The NZ Herald headline:
Christchurch super school set to be privately funded
Set to be privately funded? Really? So it is going to be a private school is it?
The lead para says:
The Education Ministry’s $41 million proposed year 1-13 super school for Christchurch is set to be funded by the private sector, a document reveals.
Set to be. Note the phrasing again.
The document, obtained by APNZ, outlines advice given to Education Minister Hekia Parata and shows she signed off on five of eight recommendations.
Ms Parata added in her handwriting that four Christchurch eastern suburb schools should close a year later, in December 2016, to allow for “considerations of public-private partnership procurement.”
Wait a second, how did “considerations of” become “set to be”. That is quite misleading.
The privately funded school, known as a public-private partnership (PPP) school, would be the second in New Zealand after the Hobsonville Point primary school opened this year in Auckland.
A PPP is not a privately funded school.
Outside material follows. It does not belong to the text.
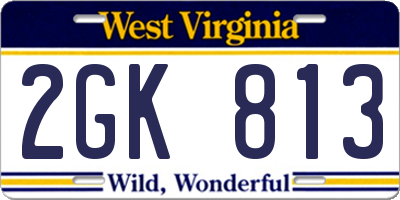 WV license plate 2GK813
It is a state funded school. The difference is that the capital costs of the school are paid for by a private firm, and repaid over time.
Last year the Government announced a multimillion dollar deal for the primary school at Hobsonville Point.
The ministry owns the buildings but had no responsibility for their design, construction, finance or ongoing maintenance.
It is understood the consortium behind the Hobsonville school, Learning Infrastructure Partners, would earn $100,000 over its 25-year contract.
Oh goodness, an average of $4,000 a year!
The Ministry of Education’s deputy secretary for regional operations Katrina Casey said a business case for a public-private partnership would be developed later this year.
She said the business case would analyse the PPP cost against the ministry’s standard procurement model.
“The Ministry is required to assess the requirement for PPP for all capital projects using Treasury guidelines. At this stage the ministry is not aware of any specific interest from the private sector to build the campus.”
The ministry already uses the private sector to build schools, but a PPP extends the responsibility to include design, build, finance and maintenance of the school over a long-term contract of up to 25 years.
“One of the main benefits for a school is that that the board of trustees and school leadership no longer have to worry about maintaining school property as this is the responsibility of the private partner,” Ms Casey said.
“This means the Board can focus on teaching and learning and improving educational outcomes.”
So it is clear that no decision has been made. The Ministry will looks at the costs of PPP vs standard procurement.
There are pros and cons of a PPP. No problems with a story focusing on those. But a headline announcing a school is “set to be privately funded” is misleading.